One Night in Sunnyside, Queens

Published 05/13/2025
Sunnyside has never been one of the City’s go-to tourist neighborhoods, which is probably why it still feels like it’s meant to be lived in. I should know; I grew up here! Midtown is only a few stops away on the 7 train, and you can be in Manhattan in under 20 minutes. While Sunnyside has changed over the years, the neighborhood is not trying to perform the “New York City” act; it just authentically is.
Sunnyside was first developed in the early 1900s, with the historic Sunnyside Gardens district designed as one of the country’s first planned communities, with modest brick homes and shared courtyards. Today, it’s one of the most diverse zip codes in the US. You’ll hear Spanish, Korean, Romanian, Turkish, Tagalog, Urdu and Nepali spoken on the streets on any given day.

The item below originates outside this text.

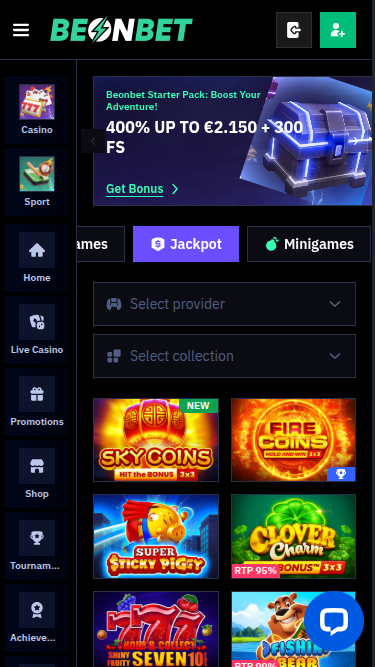 Beonbet Casino Mobile Jackpot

The diversity also shows up in the food, of course—Mexican restaurants next to Colombian bakeries next to Irish pubs—and in the storefronts, where the signs shift languages every few feet.
While writing about Sunnyside does feel a little like giving away my best-kept secrets, neighborhoods only stay alive when the people in them care enough to keep the good parts going. So I won’t be gatekeeping!
There’s a lot you can do on a Saturday night in Sunnyside—catch a soccer game at Bar 43, see comedy at Sanger Hall or try whatever’s brewing (literally or otherwise) at Alewife. But if you’re in the mood for a slower evening, the kind where you actually talk to the people you came with, here’s what I recommend.

1
Enjoy wine and small plates at Claret Wine Bar
Take a walk through the historic Sunnyside Gardens district and then make your way over to Claret on Skillman Avenue. This cozy wine bar features a daily happy hour where you can get a $30 bottle of house wine paired with a margherita pizza or a three-item charcuterie selection. Pop in on a Friday for live music: jazz, classic rock or even a live flamenco performance. Their menu items work well with an ever-changing wine list, especially the cheese and charcuterie and their signature pizzas (the goat cheese and white truffle champignon pizza is a neighborhood favorite).

2
Catch a performance at the Thalia Spanish Theatre
The Thalia has been around since 1977, making it the borough’s longest-running bilingual Spanish-language theater—and, if you ask a Sunnysider, one of its most underappreciated cultural spaces. The intimate black-box theater is just a few blocks away from the famous Sunnyside Arch on Bliss Street, offering plays by Latin American artists, folkloric dance and other dance and musical performances, sometimes in English, sometimes in Spanish and sometimes in both. I don’t speak Spanish, so I tend to stick to the dance performances. (It’s even easier if you go around the holidays and you know the story of Christmas.) I caught Navidad: A Mexican American Christmas by the Calpulli Dance Company a few years ago, where the protagonist’s colorful dream sequences about her family’s Mexican holiday traditions meet new customs she’s learned in school (like The Nutcracker)—think Aztec dance numbers and toy soldiers in mariachi-inspired garb. It’s not a huge venue, so it was exciting to be in the mix. The past few years have also featured Navidad en Colombia, a collection of folkloric dance performances by the Mestizo Art Center.

3
Cocktails (and maybe karaoke) at Rogue
Rogue Bar is right next door to Thalia, and it’s a perfect contrast to the more polished start of the evening. This cocktail spot has just the right amount of energy—dim lighting, a solid playlist and a crowd that ranges from post-shift restaurant workers to locals on first dates. Head there on Thursdays for karaoke, but other events include trivia, tabletop game nights and paint and sips. But even when nothing’s officially happening, Rogue is a great cross section of Sunnysiders looking to have a good evening. Get into the local spirit and try one of Rogue’s signature cocktails, the Sunnyside Boulevardier, bourbon whiskey with Campari, vermouth, cinnamon brown sugar and simple syrup.